I believe it's wrong to say solving great problems is impossible: that we can't. But I don't believe that we necessarily "have the capacity to create and deploy solutions to the world's biggest problems." I believe that it is possible we do. But it is impossible to know.

Optimism may help to motivate people, just as faith may. But neither is necessary. In terms in what will or won't happen, or even what can or can't happen, optimism and pessimism are irrelevant.

But admitting uncertainty doesn't mean not doing anything. Envisioning what success might look like, for instance--that's something else. That's useful. Yes we can is a clarion call, an assertion of possibility, although it can equally mean "yes, we can try." But even belief in the possibility isn't necessary for hope.

To clarify what I mean, here's another interpretation of Obama's speech, by Andrew Sullivan. Sullivan and I apparently share a Catholic background, including some knowledge of what they were calling the New Theology in the early 60s. Otherwise, not so much. Plus he's stayed with the Church and I have not. But he writes this:

" Hope is not optimism. We have little reason for optimism given the first decade of the twenty-first century. Hope is a choice."

(He also adds: As much a choice as faith and love, which I don't entirely buy. Love is something of a choice, and something of not a choice, and faith is less of a choice than either love or hope. According to my definitions.)

But I do agree that Obama makes the case, especially in those last paragraphs, that hope is a choice ("we can acknowledge that oppression will always be with us, and still strive for justice," etc.) But I would take the concept further.
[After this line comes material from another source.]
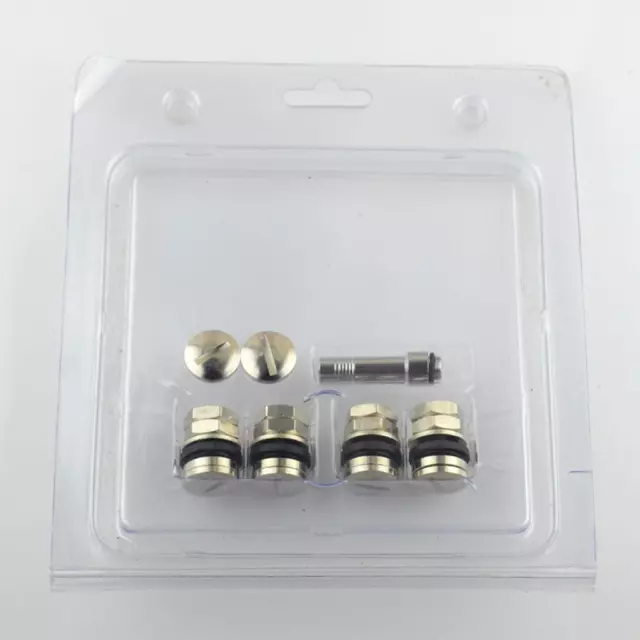 4 pièces Universal  Flush Fit Car Tire Tire Mount Hidden Valve Stems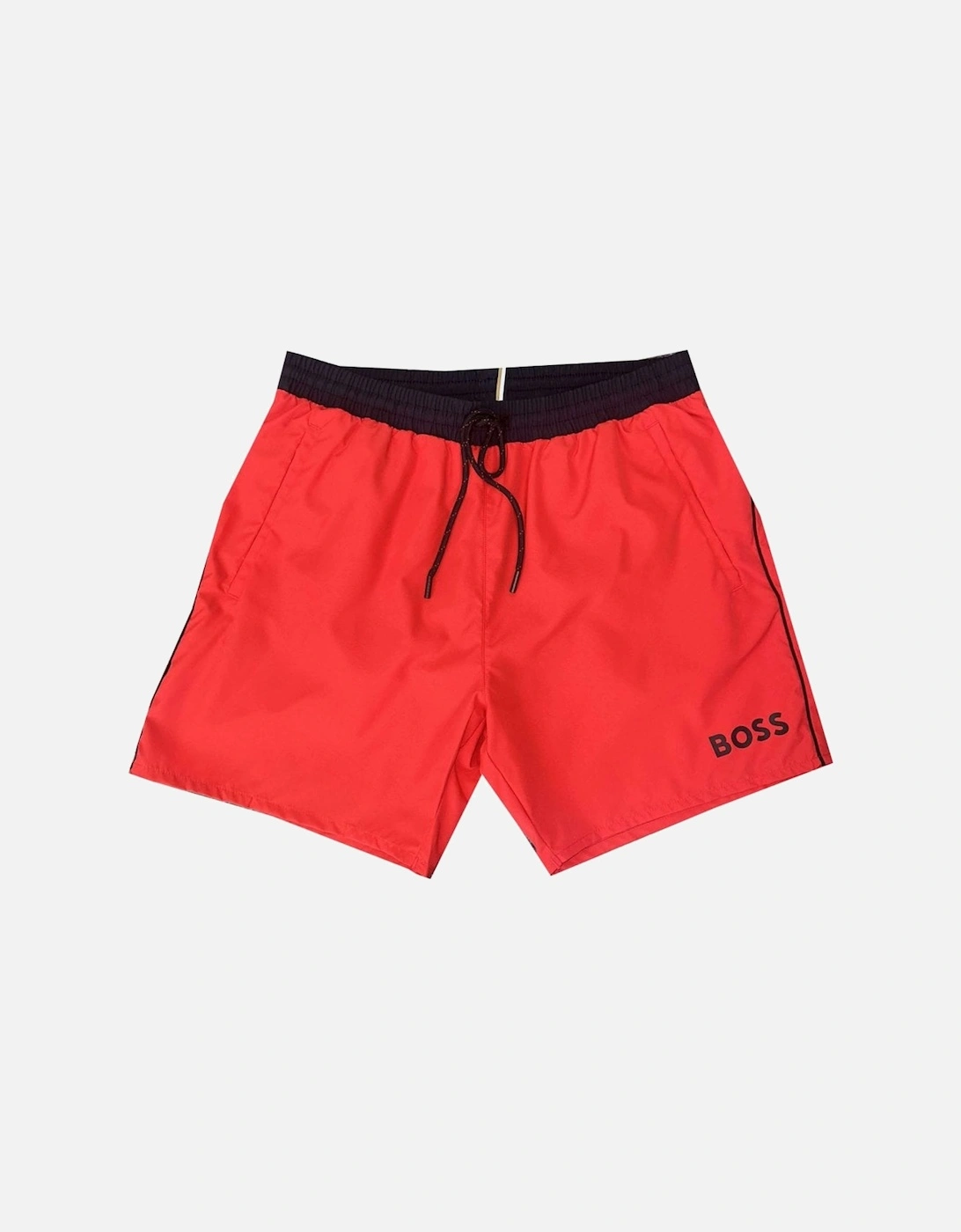 Men's Red Starfish Swim Shorts, 3 of 2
To me hope is embedded in a quotation from F. Scott Fitzgerald, which is famous only for the first part: "…the test of a first-rate intelligence is the ability to hold two opposed ideas in the mind at the same time, and still retain the ability to function." But the full statement concludes: "One should, for example, be able to see that things are hopeless and yet be determined to make them otherwise."

Fitzgerald may well have been thinking of the ending of The Time Machine by H.G. Wells, in which the Time Traveller has seen a future when humanity is finishing its self-destruction. The novel's narrator is his friend, Hillyer, who acknowledges that the Traveller "thought but cheerlessly of the Advancement of Mankind and saw in the growing pile of civilization only a foolish heaping that must inevitably fall back upon and destroy its makers in the end." Though this is not Hillyer's view he still concludes, "If that is so, it remains for us to live as though it were not so."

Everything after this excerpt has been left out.